Darren O’Dea has identified the issue holding Tounekti back at Celtic, and it is not ability.
Tounekti has been described as a player with clear talent and natural qualities on the ball.
But the same assessment also points to a problem that is clear. Tounekti struggles at the top end of the pitch. That issue is not ability, it’s mentality, and this is where this story really sits.
This is not a new issue at Celtic. It is one Brendan Rodgers addressed during his time at the club.
Does Sebastian Tounekti have a future beyond this season at Celtic?
Celtic already have a clear Rodgers blueprint for this problem
O’Dea’s assessment of Tounekti is direct and leaves little room for interpretation. He rates the Celtic winger but has clear doubts about his mentality at the club.

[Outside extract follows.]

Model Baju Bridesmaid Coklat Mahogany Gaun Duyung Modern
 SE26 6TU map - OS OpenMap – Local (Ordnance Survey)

The former Celtic defender said, “Tounekti, I’m going to call it. I think there’s a player there. I honestly believe there’s a player there. But he’s petrified to lose the ball. He’s petrified.
“When I went on a pitch, my thing my thing was do not lose the game for my team. That was my mentality, don’t make mistakes. Be a good teammate.
“You cannot play at the front end at any level, let alone Celtic, if you’ve got that mentality. He’s so safe.
“But I’m telling you, he can travel with the ball. He has a nice way about him and he looks like he’s about to deliver and it never comes. But that can just be a mentality.
“I’ve seen it with Nicholas Kuhn as well. Very, very similar. Petrified to take someone on. It took Brendan Rodgers to basically say, ‘I don’t care what you do. You’re going to take him on and if you lose it, so be it.’”
The key point is not just the criticism, but the comparison that follows. The reference to Nicolas Kuhn places Tounekti’s issue in a pattern that has already existed under Rodgers.
Kuhn faced the same hesitation, the same reluctance to take risks in attacking areas. Rodgers’ response was not to limit that instinct, but to remove the fear around losing possession.
That instruction reframes the role of a Celtic winger entirely.
Celtic winger development under Rodgers points directly at Tounekti
At Celtic, attacking players are expected to take responsibility in decisive moments. Safe play limits output, especially in wide areas where beating a man is often the difference.
This is where Tounekti’s current approach becomes a clear barrier. The hesitation described by O’Dea is not about technical limitation, but decision-making under pressure.
That matters because it places the focus on coaching rather than recruitment. The same belief runs through O’Dea’s comments that there is still a player there.
The missing piece is the willingness to act in those moments without hesitation. Rodgers has already addressed that exact issue within his squad.
The comparison to Kuhn shows that this is a defined part of how he develops attacking players. Tounekti now sits within that same framework.
What happens next depends on whether that mentality shift takes hold in the same way. The pathway is already there, and it has already been used.
That makes this less about uncertainty and more about application. Tounekti’s challenge is not discovering ability, but trusting it.
If that changes, the rest of Tounekti’s game is already in place.